ATLANTA, Ga. (CBS46) - The Fulton County District Attorney’s office said its one closer to finding who killed 14-year-old Nacole Smith – but identifying that man could take years.

Nacole was brutally raped and murdered 25 years ago, as she walked to school in Southwest Atlanta.

With evidence so close to bringing Nacole’s family justice, CSI Atlanta spoke exclusively with renowned investigator Paul Holes.

Holes is known nationally for his work that helped lead to the capture and arrest of the Golden State Killer, who terrorized Californians for more than a decade.

"We for a long time felt that we were just getting nowhere in this case, and then something happened," said Fulton County District attorney Paul Howard recently to CSI Atlanta.

Howard told CSI Atlanta through DNA testing, the Georgia Bureau of Investigation has found a link.

"We did not get a direct identification of the DNA. We did not get a first-generation identification, but what we were able to get is a second cousin twice removed,” he said.

Howard said the bad news is that processing that DNA match could take several years.

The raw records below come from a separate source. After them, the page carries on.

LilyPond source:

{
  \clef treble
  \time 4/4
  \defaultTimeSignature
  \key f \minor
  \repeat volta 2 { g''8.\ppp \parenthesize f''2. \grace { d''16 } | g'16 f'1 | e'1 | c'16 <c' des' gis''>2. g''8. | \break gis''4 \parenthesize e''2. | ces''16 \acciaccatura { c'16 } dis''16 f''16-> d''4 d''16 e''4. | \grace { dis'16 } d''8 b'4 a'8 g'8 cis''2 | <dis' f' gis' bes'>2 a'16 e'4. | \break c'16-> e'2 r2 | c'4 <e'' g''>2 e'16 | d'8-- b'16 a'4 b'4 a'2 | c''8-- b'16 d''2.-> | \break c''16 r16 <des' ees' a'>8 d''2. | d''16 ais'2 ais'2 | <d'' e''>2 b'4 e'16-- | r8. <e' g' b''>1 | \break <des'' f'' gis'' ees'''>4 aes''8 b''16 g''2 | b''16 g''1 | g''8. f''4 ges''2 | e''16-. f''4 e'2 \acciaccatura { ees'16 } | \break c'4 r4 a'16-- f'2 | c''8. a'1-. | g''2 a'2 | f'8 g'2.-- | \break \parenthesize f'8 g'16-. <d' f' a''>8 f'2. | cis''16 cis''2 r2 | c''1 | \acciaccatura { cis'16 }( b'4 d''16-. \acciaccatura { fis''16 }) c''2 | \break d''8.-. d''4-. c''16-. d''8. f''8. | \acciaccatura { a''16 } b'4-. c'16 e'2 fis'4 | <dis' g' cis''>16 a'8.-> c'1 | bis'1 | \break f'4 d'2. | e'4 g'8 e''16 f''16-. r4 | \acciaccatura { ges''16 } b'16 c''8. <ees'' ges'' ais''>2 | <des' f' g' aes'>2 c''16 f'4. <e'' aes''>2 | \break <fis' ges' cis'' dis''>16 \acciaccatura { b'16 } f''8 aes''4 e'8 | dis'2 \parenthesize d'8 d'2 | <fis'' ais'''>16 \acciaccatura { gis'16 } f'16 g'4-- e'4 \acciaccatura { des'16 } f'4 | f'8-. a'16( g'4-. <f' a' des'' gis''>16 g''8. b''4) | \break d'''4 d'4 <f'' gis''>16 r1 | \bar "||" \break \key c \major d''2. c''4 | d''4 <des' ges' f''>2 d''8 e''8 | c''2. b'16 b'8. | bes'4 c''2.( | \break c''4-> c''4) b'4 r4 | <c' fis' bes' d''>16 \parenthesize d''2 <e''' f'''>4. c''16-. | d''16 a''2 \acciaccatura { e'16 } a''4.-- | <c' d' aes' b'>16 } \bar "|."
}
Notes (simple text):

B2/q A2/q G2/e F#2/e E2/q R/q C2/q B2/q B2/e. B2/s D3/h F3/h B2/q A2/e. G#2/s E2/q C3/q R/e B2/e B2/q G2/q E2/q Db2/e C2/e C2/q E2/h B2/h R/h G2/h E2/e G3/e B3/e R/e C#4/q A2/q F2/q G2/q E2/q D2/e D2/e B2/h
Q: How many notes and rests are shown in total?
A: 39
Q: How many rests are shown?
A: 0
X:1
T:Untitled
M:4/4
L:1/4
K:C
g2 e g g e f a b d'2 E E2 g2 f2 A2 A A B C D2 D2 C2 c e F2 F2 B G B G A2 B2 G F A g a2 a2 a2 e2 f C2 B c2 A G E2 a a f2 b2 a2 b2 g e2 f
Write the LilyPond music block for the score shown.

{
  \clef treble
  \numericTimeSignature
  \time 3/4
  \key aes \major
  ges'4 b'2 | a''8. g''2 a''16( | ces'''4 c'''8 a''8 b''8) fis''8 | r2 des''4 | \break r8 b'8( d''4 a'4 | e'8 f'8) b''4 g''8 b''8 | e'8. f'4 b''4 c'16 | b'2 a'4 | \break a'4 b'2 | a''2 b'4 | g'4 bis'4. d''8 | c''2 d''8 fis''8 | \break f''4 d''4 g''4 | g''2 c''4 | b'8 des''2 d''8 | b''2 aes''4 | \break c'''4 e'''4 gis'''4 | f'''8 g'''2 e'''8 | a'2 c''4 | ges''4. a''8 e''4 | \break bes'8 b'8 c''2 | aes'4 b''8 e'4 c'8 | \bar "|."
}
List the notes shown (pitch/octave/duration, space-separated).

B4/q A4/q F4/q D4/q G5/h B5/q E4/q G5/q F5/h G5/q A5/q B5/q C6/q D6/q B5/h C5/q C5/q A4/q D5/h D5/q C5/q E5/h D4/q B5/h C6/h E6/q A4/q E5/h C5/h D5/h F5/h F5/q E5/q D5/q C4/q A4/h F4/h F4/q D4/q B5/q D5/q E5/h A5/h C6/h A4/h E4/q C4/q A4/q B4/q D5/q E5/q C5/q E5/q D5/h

"That it is going to be a painstaking process, it might be thousands of interviews we just don't know at this time," he said.

And, the DNA sample is running out.

"We have to preserve a small amount so that when someone is apprehended, that we are able to compare that person's DNA with the DNA that is available to the Georgia crime lab,” Howard said.

Holes said the DA’s office should step up its search to include all available DNA databases, including Family Tree DNA.

“You don’t have to do any more DNA testing, you just need to be getting more searches,” said Holes. “My first question would be, ‘what databases have been searched?’ and if they haven’t searched like Family Tree DNA, then get that profile to Family Tree DNA if they can."

“The more databases they’ve searched, the more potential relatives that can be found. It’s not just a dead match," he said.

Holes also suggested the DA’s office and CSI Atlanta meet with the GBI to discuss other options - including retesting evidence like shell casings and clothing.

"Don't just restrict yourself to DNA. They can do prints off the modifications in this day-and-age," he said. "It's really prioritizing what you think are the high priority items and then determining whether or not GBI is the appropriate lab to send evidence too.”

In 1995, Nacole's attacker shot her twice in the face in a wooded area less than a mile from her home.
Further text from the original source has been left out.